Back to the Old School Lawn
My Mother, who grew up sweeping her yard in the 40s says, “I’d never want to go back to sweeping the yard! I love that we have grass now.” She’s raised children, and pets, hosted weddings and wake and parties on her grass. I’ve mowed it for decades — about 15 times per year. But this hundred years old lawn doesn’t hurt anyone. She’s proud of it. You can be too. Here are some facts about the old school lawns.
It‘s never had an irrigation system.
It’s a diverse ecosystem. I’ve counted about 30 species of plants in it including Southern violet, American Strawberry, American Garlic, and plenty of other native plants. Drawn to the lawn for nectar, it sustains butterflies, moths, and European honeybees, ants, birds and critters I never see.
It’s not had synthetic fertilizer since the 1960s. If at all.
It’s never had a herbicide application.
It’s beautiful in the spring when thousands of bulbs flower.
It’s functional most of the year.
It requires mowing about once every three weeks from April through August.
Birds love it. Avian studies prove that suburbia actually houses the most bird diversity of any other landscape.
If you’d like to know more about the history and species in this lawn, there’s a story in my book Funky Little Flower Farm about the bulb lawn.
Ready to Go Back? Tips on Transitioning from Mono-lawn to Old-School Lawn.

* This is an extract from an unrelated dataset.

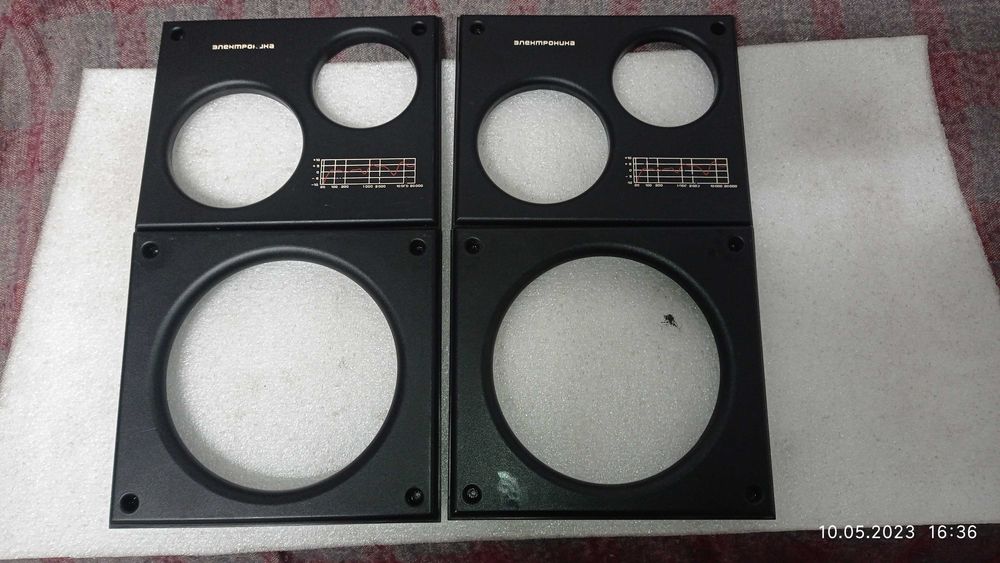 Передние накладки колонк 25АС-126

Relax. Embrace diversity. Let some weeds grow. If you live in a community with ‘Lawn Standards’ get on the board and rewrite them. We, nor the animals and plants we should be stewards of, nor our grandchildren, can afford to let a few mono-lawn enforcing jerks set our standards.
Plant some tiny bulbs. My favorite, no-fail bulb to get sneak into a lawn is Muscari neglectum. Plant in October.

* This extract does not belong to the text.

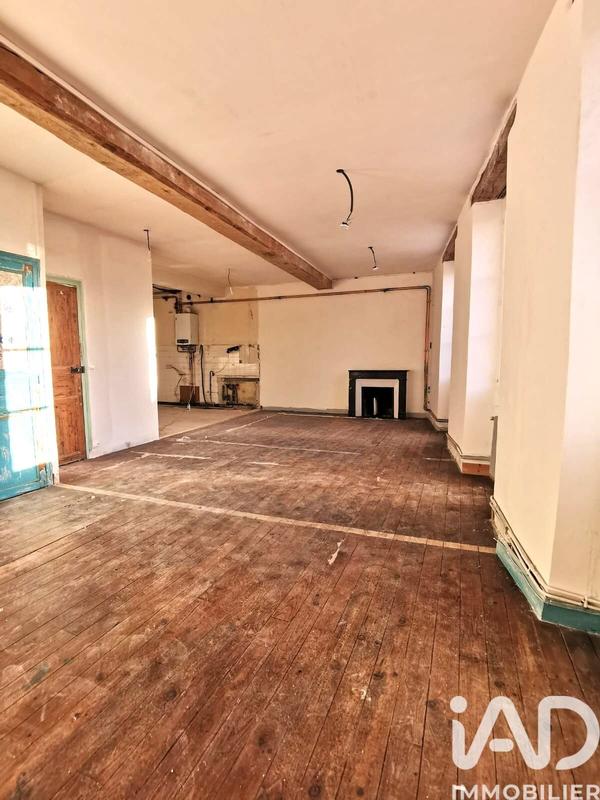 Maison - 193 m² - 7 pièces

Seed in micro-clover. It will have little white flowers in spring but more importantly, it provides nitrogen to your grass.

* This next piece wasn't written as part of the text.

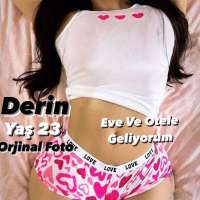 Sevgili Tadında Mersin escort Derin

Eliminate or reduce irrigation. Most grasses are fine with one inch of water twice a month. Remember, in our driest month, August, it’s better to let the lawn go crispy than to give it a bit of water here and there.
Quit herbicides. Just quit.
Brace for the transition. This is a slow and sometimes frustrating process.
It’s Ok to Enjoy to Enjoy Your Grass
From the Garden District of New Orleans to the marshes of Norfolk, people have and still do mow what grows. Recognizing the myth that lawns were ever perfect gives us a bit of common ground between the lawn bashers and the mono-lawn tyrants. I’m proud of my ecologically diverse, low-impact lawn. You should be too. Let go, relax, and learn to love and mow what grows.
The Polarization of Grass
Yes, you hit the sweet spot on this issue. I've read entire books about eliminating lawn, and they claim that an ornamental garden is less work and less money. It's only less money if you were pouring money into making and keeping the lawn a monoculture. And if you don't have the knowledge, time, or physical capability to maintain an ornamental garden, it's far easier to find and less expensive to pay someone to cut the grass than to weed a perennial border or even prune shrubs. As I mention in this blog post (https://www.coldclimategardening.com/2017/06/28/the-flowery-lawn/), Ken Druse in his book A Passion for Gardening calls our type of lawn a "cropped meadow." That makes it sound properly upscale, ecological, and sustainable. Nevermind it's also old-fashioned. Vintage? Heritage! I'm calling my lawn a heritage lawn. Oh, I think in Minnesota they call it a bee lawn.
Love this article and love my wild yard!